A review by drakoulis
Right Where I Left You by Julian Winters

3.0

Given that this is my second book from this author that I give 3-stars, I'm starting to think that maybe the author's writing style isn't for me.

However, the issues I had with Right Where I Left You weren't the same ones with The Summer of Everything . The Summer of Everything suffered from a terrible ending, a pessimistic, gloomy and relatively sad finale.

This book's ending is great. I enjoyed it, I was happy to read it. The problem is everything else.

This book follows comic fan Issac in the last summer before he goes to college. His only friend is Diego, with who he spends almost all of his free time together. Diego is an avid gamer who decided to take a gap year to puruse his game designer dream career. We're introduced to Diego's gamer friends and Isaac's comic book acquaintances, as well the two boys families. And here start the problems:

- The characters aren't really relatable and I didn't feel for them. Issac is whiny and socially awkward and not in a cute way. His parents divorce is supposedly to blame for his trust issues (quite a stretch), him being for some reason (never fully explained) unable to socialize with people, and miscomuunicating even with his best friend.
- Diego is an overall nice person, caring, nerdy, dealing with his mother's pressure to go to college in quite a mature way, but suddenly, when Isaac tries to date Davi, he turns into an absolute jerk. Yeah, jealousy old trope, but the writing of the book made it look as if Isaac was at fault for not...guessing that Diego liked him despite Diego never saying anything? I'm serious, even when they got together, it was Isaac who did the talking and the move in the end.
- Davi appeared nice and very flirty, and the writing was definitely implying he wanted to date Isaac, until suddenly we get told that he only wanted to be friends. Not sold.
- "Practice kiss" is the most ridiculous trope I've ever seen. Sorry.
- Most of the banter and the pop culture references would appeal only to 15-years-olds.

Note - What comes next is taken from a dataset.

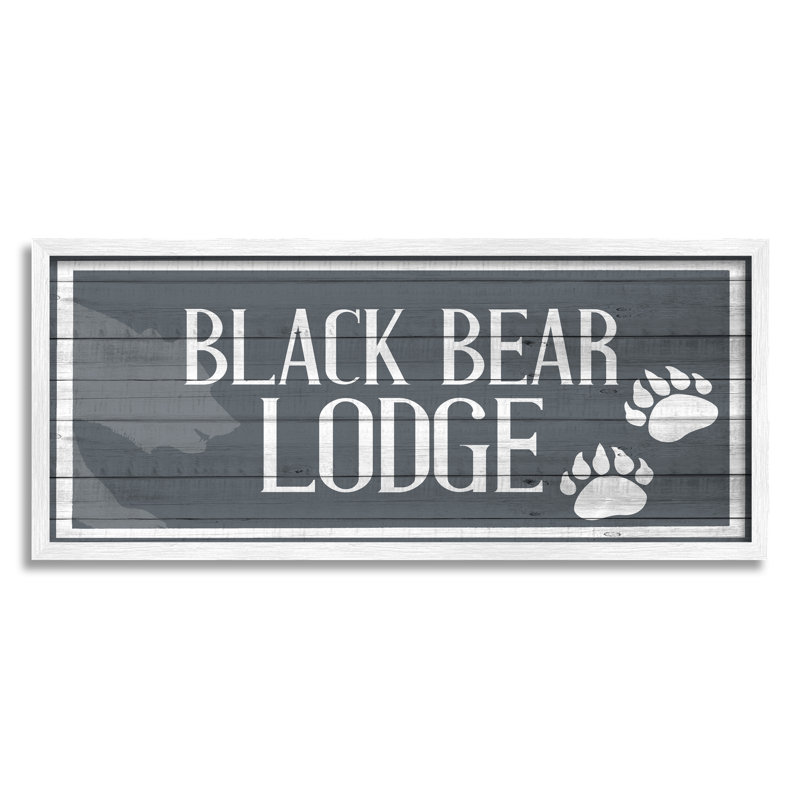 "Black Bear Lodge", empreintes d'animaux rustiques, art mural par Kim Allen, H 10 po x l 24 po, Cadre blanc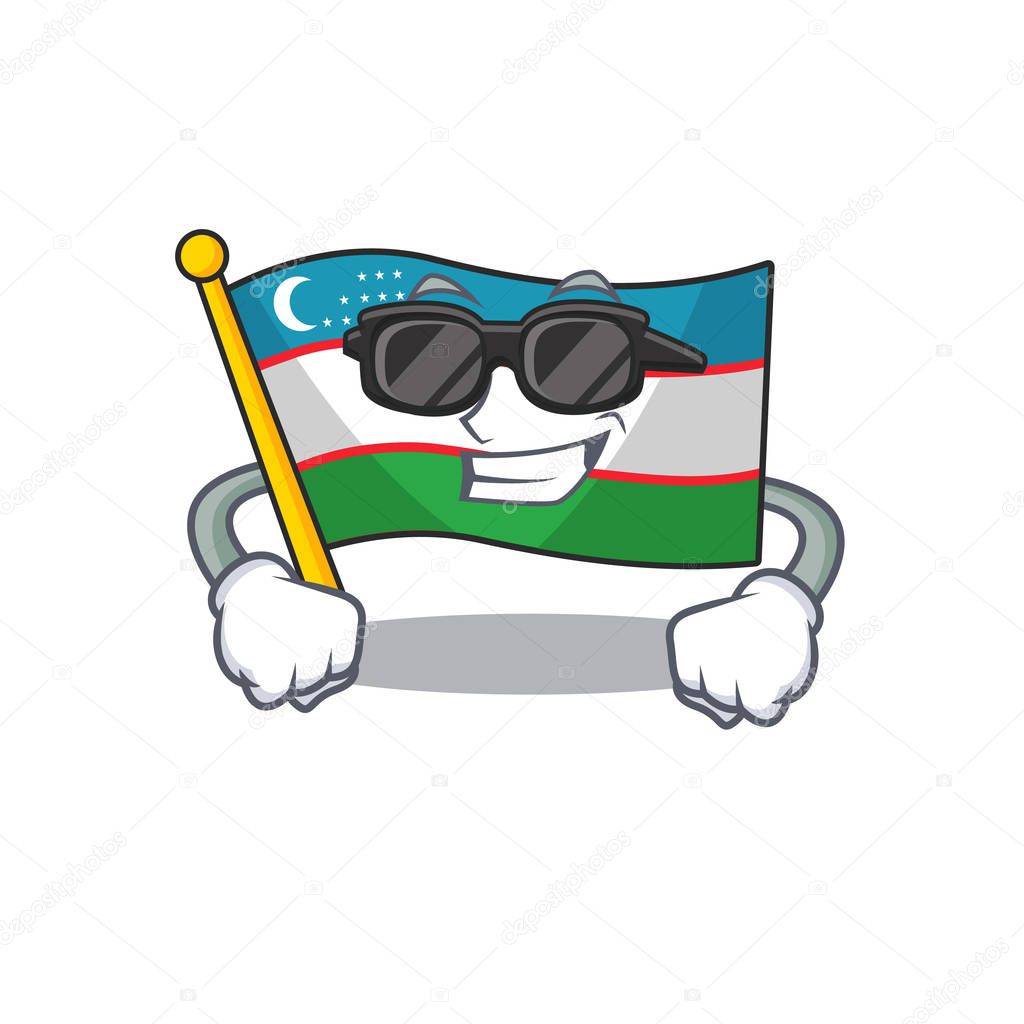 Super cool flag uzbekistan Scroll character with black glasses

I found it borderlie cringe.

Overall, it's a book that has solid premises, but the path it takes relies heavily on miscommunication, jealousy, characters who act in a weird way with no reason, past family trauma (it appears to be a thing with Julian Winters books) affecting the present and of course the comic nerds world (no objections here).

I was expecting something better to be honest, so it gets the rating I give to books I didn't dislike, but didn't exactly captivate me either.